Kürt Meselesine Farklı bir Bakış

16 Ekim 2011 - 21:00

Kürt meselesinde yapılan bütün siyasi, hukuki, dini, tarihi ve sosyolojik tahliller sadece bilinç düzeyinde yapılıyor. Derinlik psikologlarına (psikanalistlere) göre bireylerin ve toplumların hareketlerinin asıl kaynağı bilinçdışıdır. Ortada görünen hareketlerin görünmeyen sebepleri vardır. Çeşitli psikologlar bunun üzerinde önemle durmuşlardır. C.G.JUNG bireysel ve kolektif bilinçdışından bahseder ve “eğer bilinçdışının sözüne kulak asılmazsa bunun felaketler şeklinde ortaya çıkacağını” söyler. Erich FROMM sosyal bir kişiliğin varlığını anlatır ve bireylerin davranışlarını bu psikoloji ile açıklar. Keza FREUD da kalabalıkta ilkel bir ruhun meydana çıktığını söyler.
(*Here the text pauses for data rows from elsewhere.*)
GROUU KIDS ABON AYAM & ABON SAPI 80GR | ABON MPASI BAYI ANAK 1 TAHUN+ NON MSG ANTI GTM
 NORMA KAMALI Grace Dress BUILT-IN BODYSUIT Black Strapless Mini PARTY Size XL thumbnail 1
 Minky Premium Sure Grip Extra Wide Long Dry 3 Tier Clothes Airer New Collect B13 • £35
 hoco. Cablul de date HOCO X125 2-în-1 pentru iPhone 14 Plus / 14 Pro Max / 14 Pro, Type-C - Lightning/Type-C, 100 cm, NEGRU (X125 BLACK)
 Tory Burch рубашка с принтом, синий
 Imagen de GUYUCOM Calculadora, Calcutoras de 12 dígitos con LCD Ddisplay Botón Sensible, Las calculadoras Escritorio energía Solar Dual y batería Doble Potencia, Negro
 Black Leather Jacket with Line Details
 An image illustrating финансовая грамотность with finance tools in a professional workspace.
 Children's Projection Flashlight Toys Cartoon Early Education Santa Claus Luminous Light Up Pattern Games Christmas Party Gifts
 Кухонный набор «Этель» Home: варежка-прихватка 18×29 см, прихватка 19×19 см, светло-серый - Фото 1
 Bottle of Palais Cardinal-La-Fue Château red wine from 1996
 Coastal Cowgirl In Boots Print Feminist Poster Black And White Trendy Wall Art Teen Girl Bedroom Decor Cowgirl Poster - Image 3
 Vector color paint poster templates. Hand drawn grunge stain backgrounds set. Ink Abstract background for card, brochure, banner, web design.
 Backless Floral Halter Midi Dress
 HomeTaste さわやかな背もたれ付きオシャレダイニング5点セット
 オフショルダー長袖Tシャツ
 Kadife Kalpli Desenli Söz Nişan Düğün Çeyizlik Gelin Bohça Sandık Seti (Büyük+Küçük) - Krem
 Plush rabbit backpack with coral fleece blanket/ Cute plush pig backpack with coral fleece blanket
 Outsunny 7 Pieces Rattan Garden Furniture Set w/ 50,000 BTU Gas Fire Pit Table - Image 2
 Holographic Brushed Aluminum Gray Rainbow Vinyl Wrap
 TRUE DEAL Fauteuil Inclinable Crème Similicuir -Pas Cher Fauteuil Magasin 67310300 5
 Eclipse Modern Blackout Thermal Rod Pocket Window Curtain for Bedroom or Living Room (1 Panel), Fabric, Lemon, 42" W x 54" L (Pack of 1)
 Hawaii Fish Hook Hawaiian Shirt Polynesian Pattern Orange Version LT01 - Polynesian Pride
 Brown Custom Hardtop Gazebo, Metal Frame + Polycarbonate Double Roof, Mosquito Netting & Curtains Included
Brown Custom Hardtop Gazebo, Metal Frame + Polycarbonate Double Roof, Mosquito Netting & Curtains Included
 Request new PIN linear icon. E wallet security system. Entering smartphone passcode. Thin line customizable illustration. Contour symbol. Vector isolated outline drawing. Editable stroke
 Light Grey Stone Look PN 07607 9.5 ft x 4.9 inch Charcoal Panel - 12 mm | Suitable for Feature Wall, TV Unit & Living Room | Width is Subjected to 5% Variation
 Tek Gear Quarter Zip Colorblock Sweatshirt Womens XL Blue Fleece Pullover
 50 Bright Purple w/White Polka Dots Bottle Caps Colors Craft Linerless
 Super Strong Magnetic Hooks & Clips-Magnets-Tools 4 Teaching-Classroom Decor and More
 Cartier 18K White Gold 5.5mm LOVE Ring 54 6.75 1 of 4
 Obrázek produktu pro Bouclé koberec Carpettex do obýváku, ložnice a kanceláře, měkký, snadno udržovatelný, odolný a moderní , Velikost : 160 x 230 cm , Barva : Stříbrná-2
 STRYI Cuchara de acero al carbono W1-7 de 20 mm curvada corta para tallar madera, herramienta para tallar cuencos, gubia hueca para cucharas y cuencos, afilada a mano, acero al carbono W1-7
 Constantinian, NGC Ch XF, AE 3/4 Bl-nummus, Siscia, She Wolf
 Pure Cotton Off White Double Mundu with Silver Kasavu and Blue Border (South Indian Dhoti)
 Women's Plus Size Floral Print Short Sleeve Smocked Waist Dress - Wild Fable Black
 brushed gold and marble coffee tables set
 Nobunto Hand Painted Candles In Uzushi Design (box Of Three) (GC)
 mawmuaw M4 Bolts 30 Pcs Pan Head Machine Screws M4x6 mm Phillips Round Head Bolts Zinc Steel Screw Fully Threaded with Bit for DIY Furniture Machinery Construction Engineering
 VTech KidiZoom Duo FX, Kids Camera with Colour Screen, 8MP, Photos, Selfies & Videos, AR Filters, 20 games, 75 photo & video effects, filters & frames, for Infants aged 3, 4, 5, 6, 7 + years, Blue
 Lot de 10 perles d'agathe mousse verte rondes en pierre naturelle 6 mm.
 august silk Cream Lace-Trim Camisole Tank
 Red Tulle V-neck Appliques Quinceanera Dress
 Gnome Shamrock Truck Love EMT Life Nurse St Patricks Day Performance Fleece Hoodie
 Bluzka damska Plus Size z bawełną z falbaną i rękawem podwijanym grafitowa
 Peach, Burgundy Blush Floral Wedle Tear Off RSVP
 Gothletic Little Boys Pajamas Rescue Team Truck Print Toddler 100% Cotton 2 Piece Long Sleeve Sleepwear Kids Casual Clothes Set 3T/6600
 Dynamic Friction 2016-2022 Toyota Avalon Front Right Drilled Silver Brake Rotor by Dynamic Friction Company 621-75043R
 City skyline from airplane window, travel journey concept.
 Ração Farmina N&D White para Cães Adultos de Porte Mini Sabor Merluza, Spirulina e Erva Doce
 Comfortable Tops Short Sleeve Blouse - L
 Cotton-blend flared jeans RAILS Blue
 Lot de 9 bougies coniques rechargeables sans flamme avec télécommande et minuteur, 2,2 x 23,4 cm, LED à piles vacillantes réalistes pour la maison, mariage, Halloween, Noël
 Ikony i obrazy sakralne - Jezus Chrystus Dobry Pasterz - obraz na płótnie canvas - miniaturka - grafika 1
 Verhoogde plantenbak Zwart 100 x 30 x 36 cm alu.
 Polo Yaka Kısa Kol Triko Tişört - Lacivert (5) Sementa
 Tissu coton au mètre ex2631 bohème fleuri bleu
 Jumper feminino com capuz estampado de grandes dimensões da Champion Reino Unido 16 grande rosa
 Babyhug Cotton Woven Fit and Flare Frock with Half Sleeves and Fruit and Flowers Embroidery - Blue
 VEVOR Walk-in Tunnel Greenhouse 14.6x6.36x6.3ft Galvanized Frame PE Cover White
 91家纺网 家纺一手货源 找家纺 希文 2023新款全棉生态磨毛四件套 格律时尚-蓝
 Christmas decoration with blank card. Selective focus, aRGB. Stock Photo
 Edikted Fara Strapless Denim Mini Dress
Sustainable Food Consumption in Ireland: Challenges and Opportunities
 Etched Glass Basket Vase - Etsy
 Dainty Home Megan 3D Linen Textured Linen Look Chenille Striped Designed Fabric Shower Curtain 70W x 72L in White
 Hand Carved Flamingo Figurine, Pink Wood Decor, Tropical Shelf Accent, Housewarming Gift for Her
Kürt meselesinde iki toplumun bilinçdışı karşı karşıyadır. Her ikisi farklı içeriklerle doludur. Türklerin bilinçdışında bölünme ve parçalanma, Kürtlerde de inkâr edilme ve horlanma duygusu hâkimdir. Türkler kendini imparatorluğun hakiki varisleri olarak görüyorlar, Kürtler de asimilasyona maruz kaldıklarına inanıyorlar. Türklerin gururları, Kürtlerin yaralı ruhları makul olanda birleşmeye izin vermiyor. Bunları makul ve mantıklı olana çekmek güçtür ve uzun zaman alır. Sosyal psikolojinin alanı olan bu konuyu ne yazık ki şimdiye kadar uzmanları ele almadı. Hep siyasi, askeri, stratejik ve ideolojik taraflar konuştu ve tartıştı. Siyaset ise güçlü olmaya bağlıdır. Güçlü olan ben haklıyım, benim dediğim olacak diyor. Hayvanlar âlemindeki gibi bir zorbalığa teslim olmamalıyız. Elline silahı alan her şeyi yaparım zannetmemeli.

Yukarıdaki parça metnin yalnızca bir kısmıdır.